Like stats, the transaction command can group events based on common field values, but it can also use more complex constraints such as total time span of the transaction, delays between events within the transaction, and required beginning and ending events. Unlike stats, transaction retains the raw event text and field values from the original events, but it does not compute any statistics over the grouped events, other than the duration (the delta of the _time field between oldest and newest events in the transaction) and the eventcount (the total number of events in the transaction).
The transaction command is most useful in two specific cases:
- When unique field values (also known as identifiers) are not sufficient to discriminate between discrete transactions.

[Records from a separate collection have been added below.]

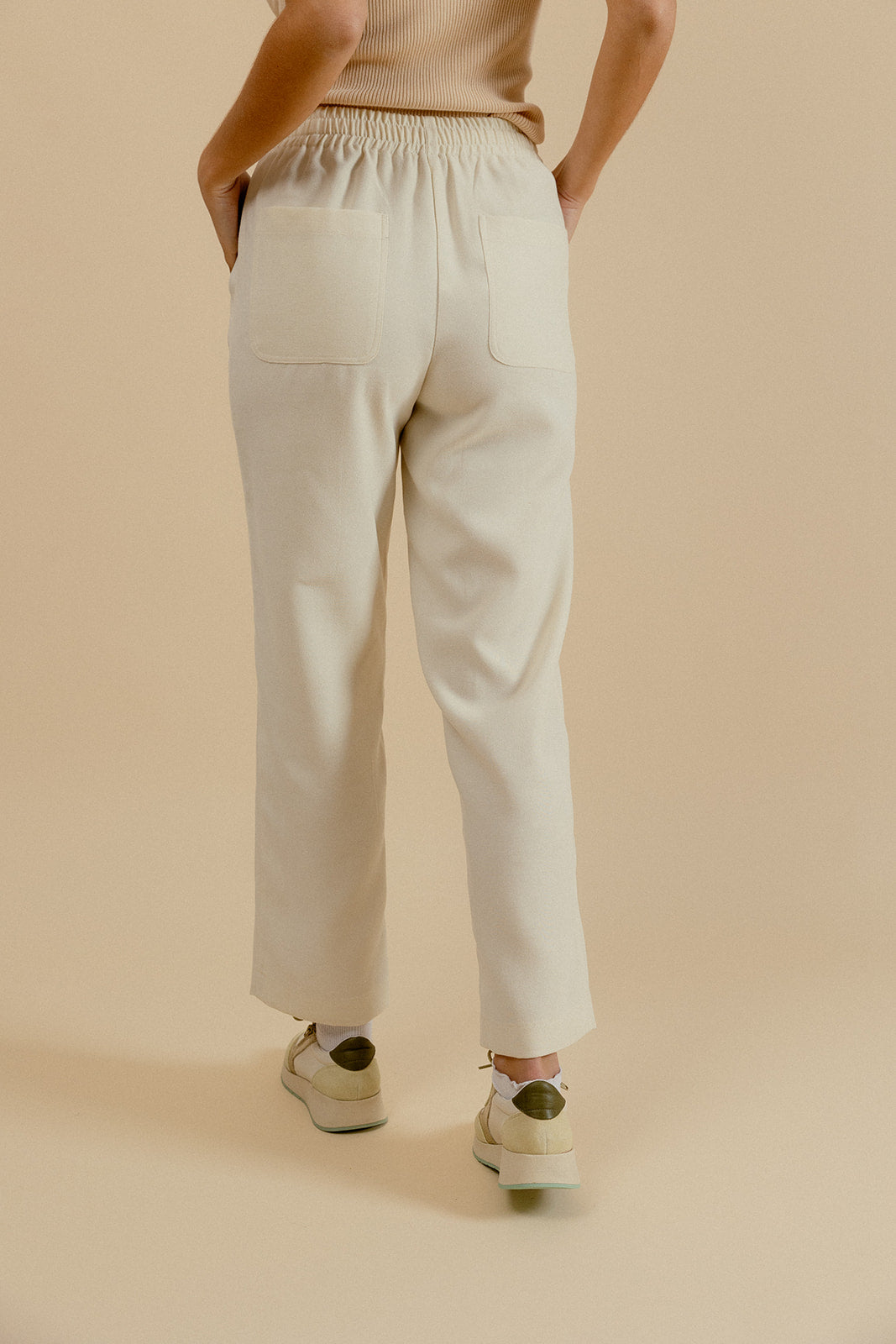 PANTALON SANDRO - ÉCRU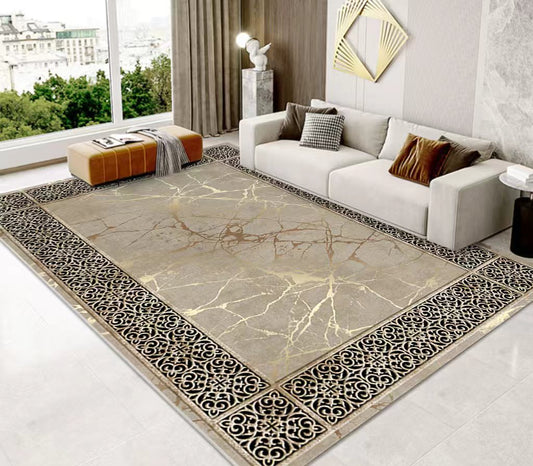 (#124) 7'x10' Stain resistant & Machine Washable Persian-Inspired Area Rug Carpet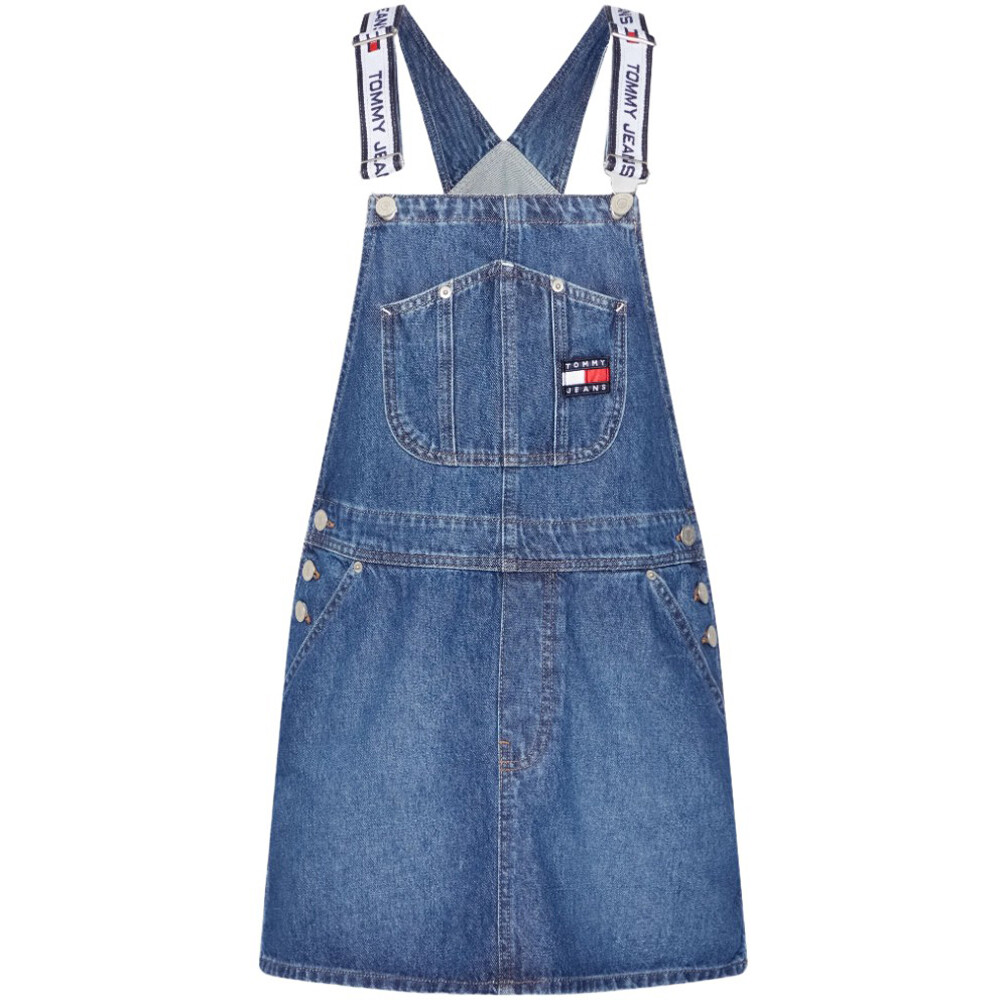 

Джинсовый сарафан Tommy Jeans Dungaree Dress, синий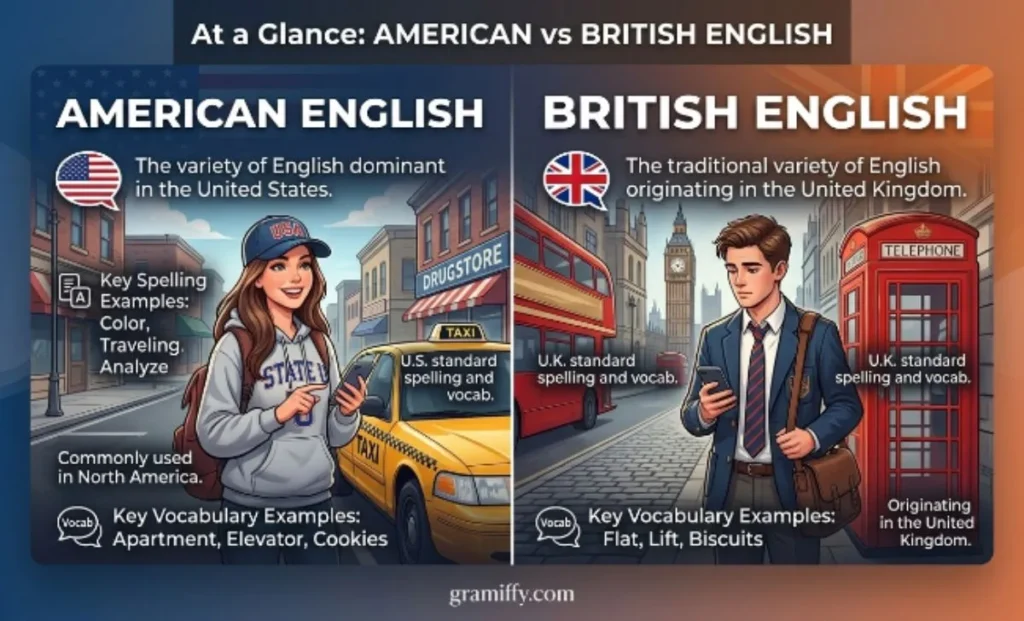 American English vs British English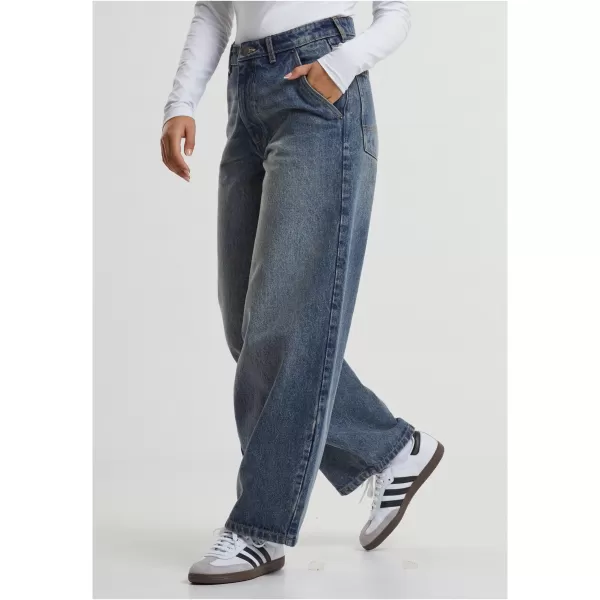  Дамски дънки URBAN CLASSICS TB7099 НОВИ ТЪМНО СИНИ ИЗПРАНИ 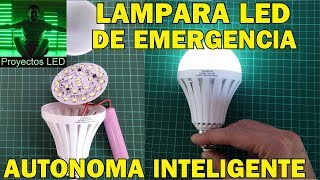 Lampara LED autonoma inteligente de emergencia [upl. by Epuladaugairam]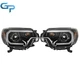 Black For Toyota Tacoma 2012-2015 LED Strip Bar Projector Headlights Left+Right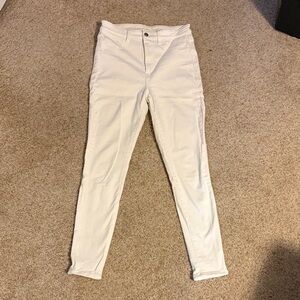 American Eagle White Highest Rise Jegging size 8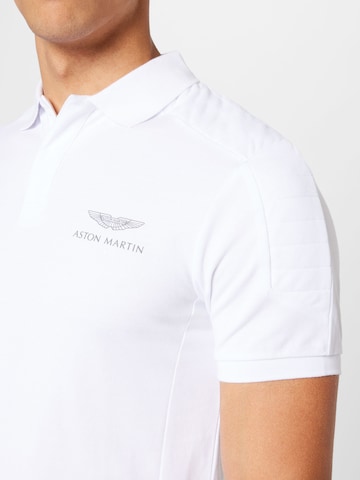 Maglietta 'AMR' di Hackett London in bianco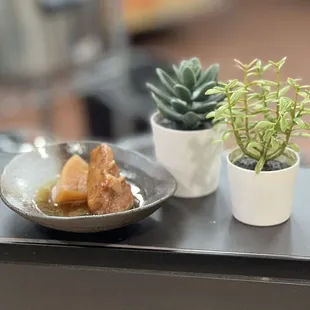 Tuna with radish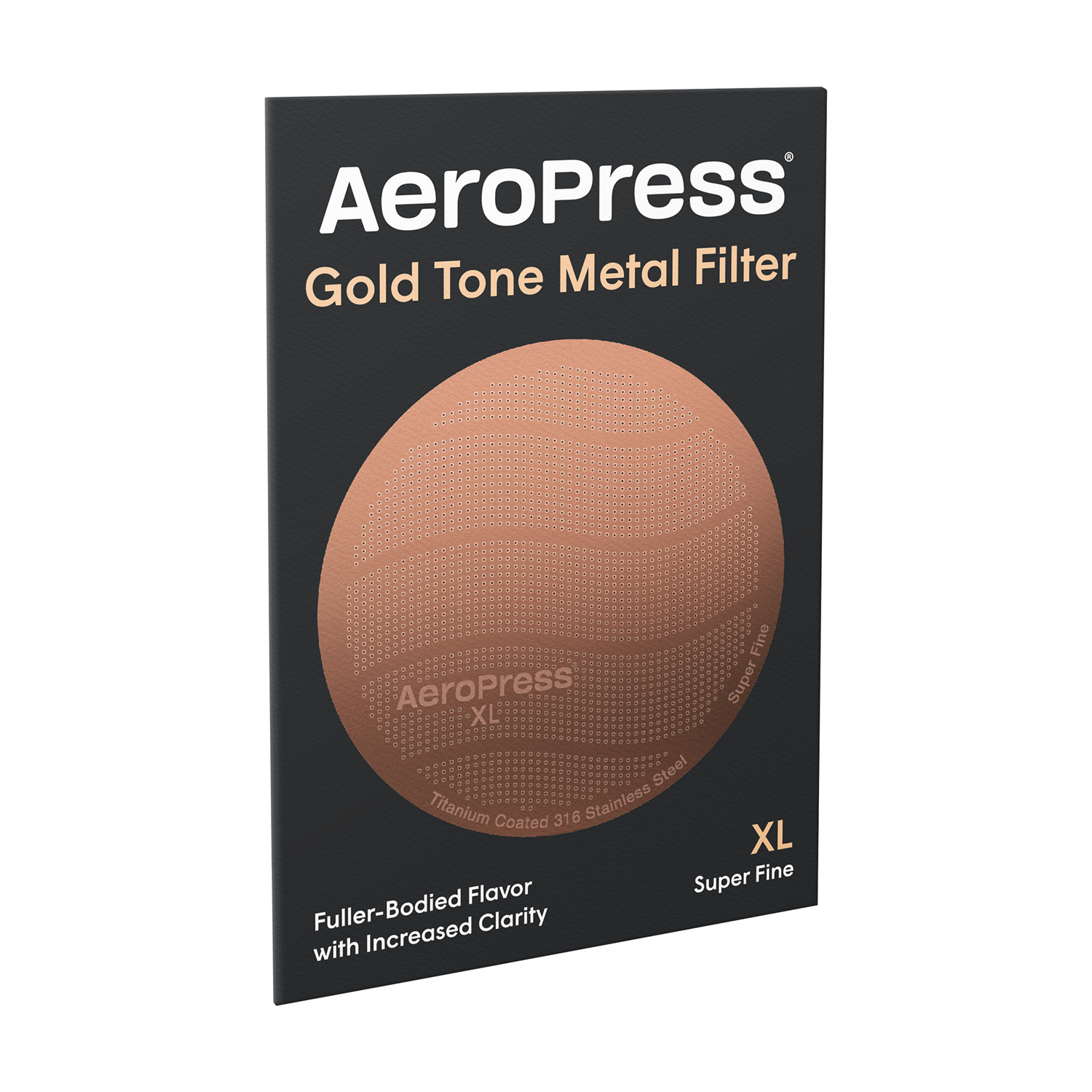 AeroPress - Złoty filtr ze stali nierdzewnej - XL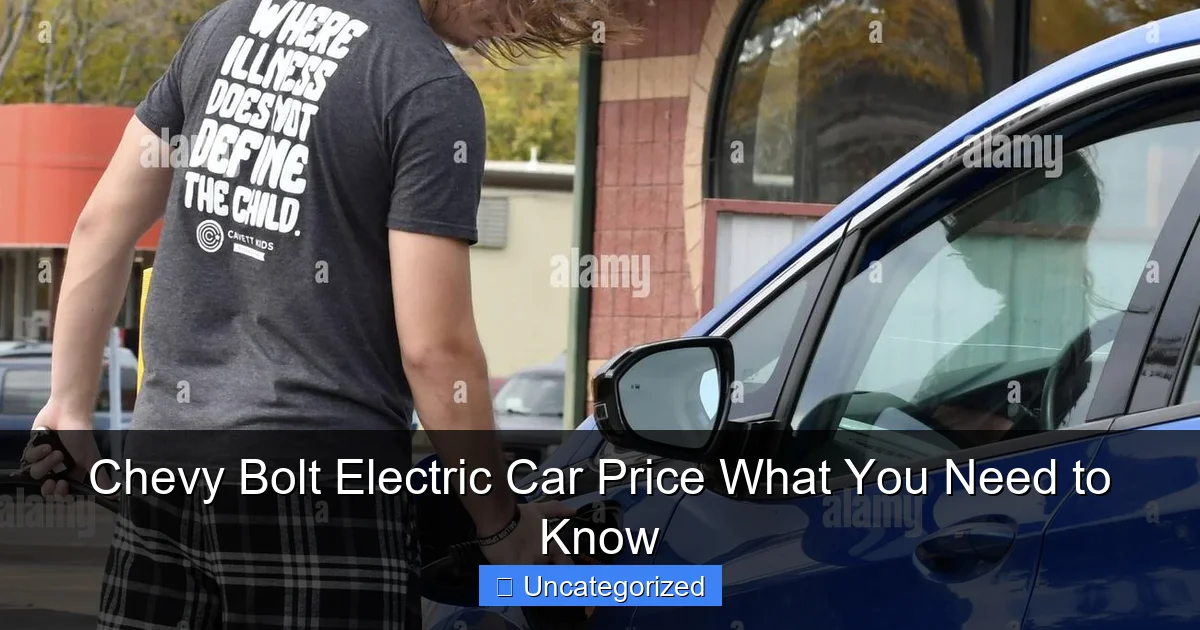 Chevy Bolt Electric Car Price What You Need to Know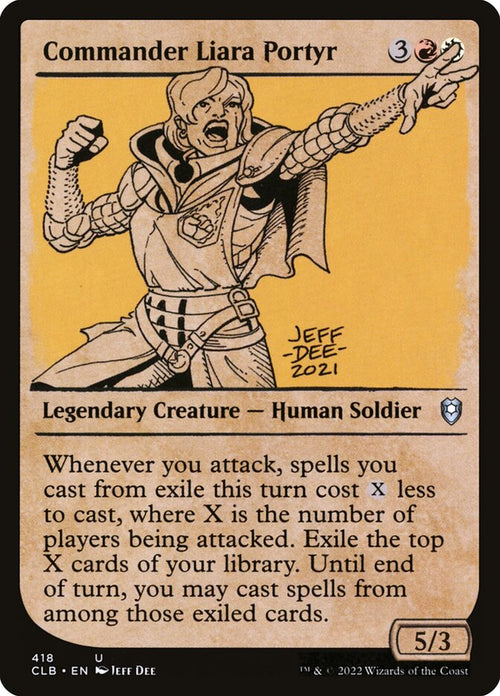 Card Scan of Commander Liara Portyr | CLB (Showcase)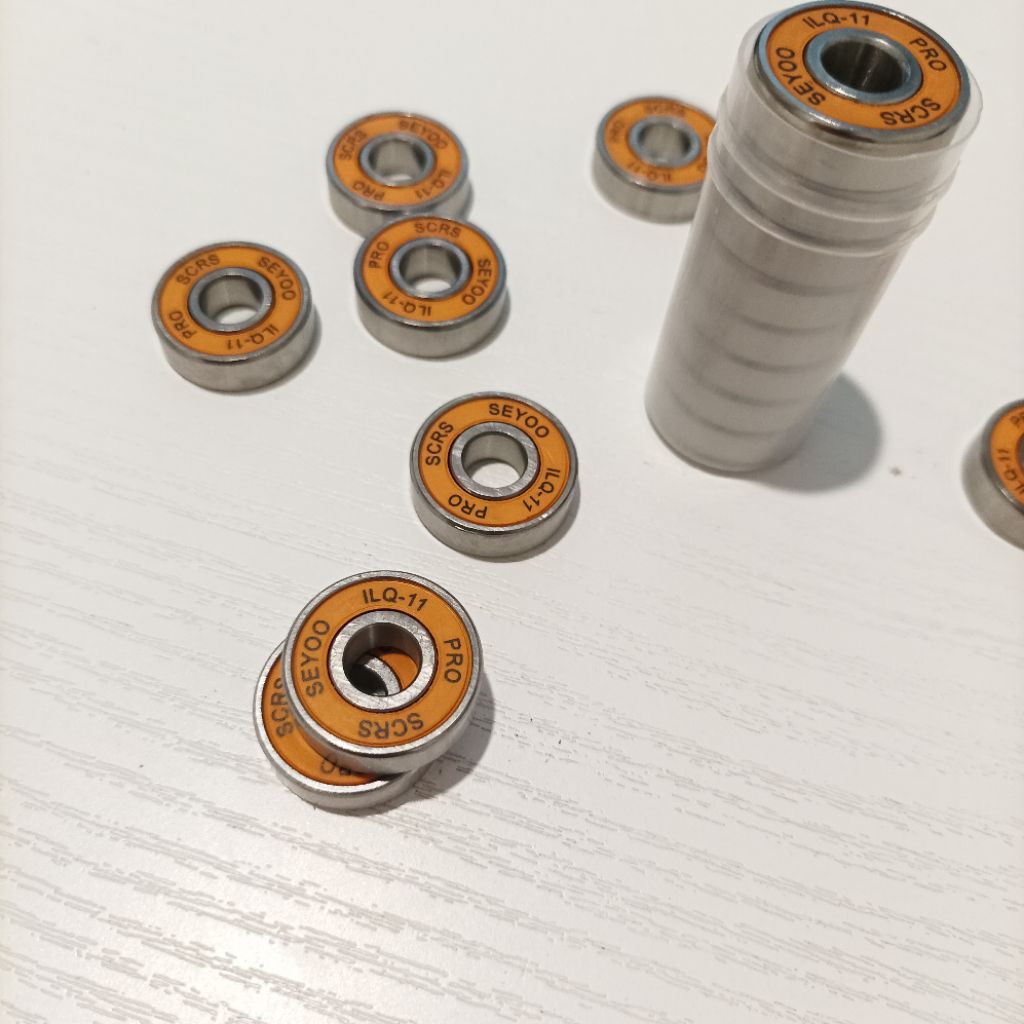 skate bearings ILQ 11 Pro set isi8- skateboard inlineskate stuntScooter - orange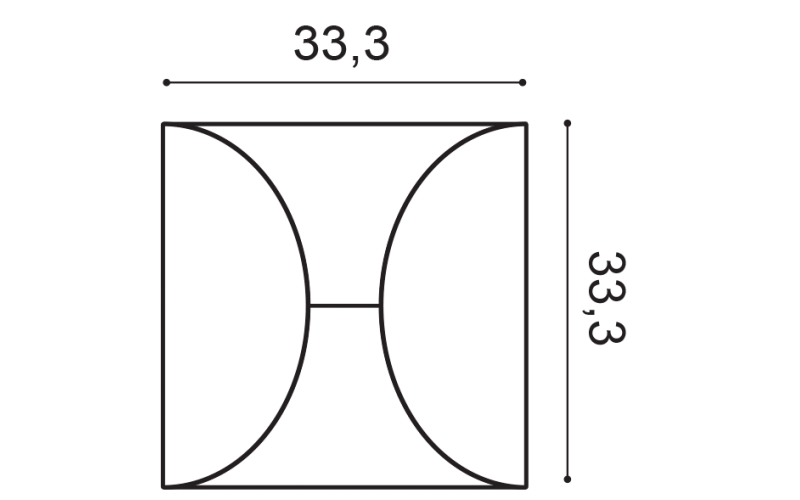 Стеновая панель Orac W107 CIRCLE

- When it is desirable to see the raw text of the events rather than an analysis on the constituent fields of the events.
Again, when neither of these cases is applicable, it is a better practice to use stats, as search performance for stats is generally better than transaction. Often there is a unique identifier, and stats can be used.
For example, to compute statistics on the duration of trades identified by the unique identifier trade_id, the following searches yield the same answer:
… | transaction trade_id | chart count by duration … | stats range(_time) as duration by trade_id | chart count by duration The second search is more efficient.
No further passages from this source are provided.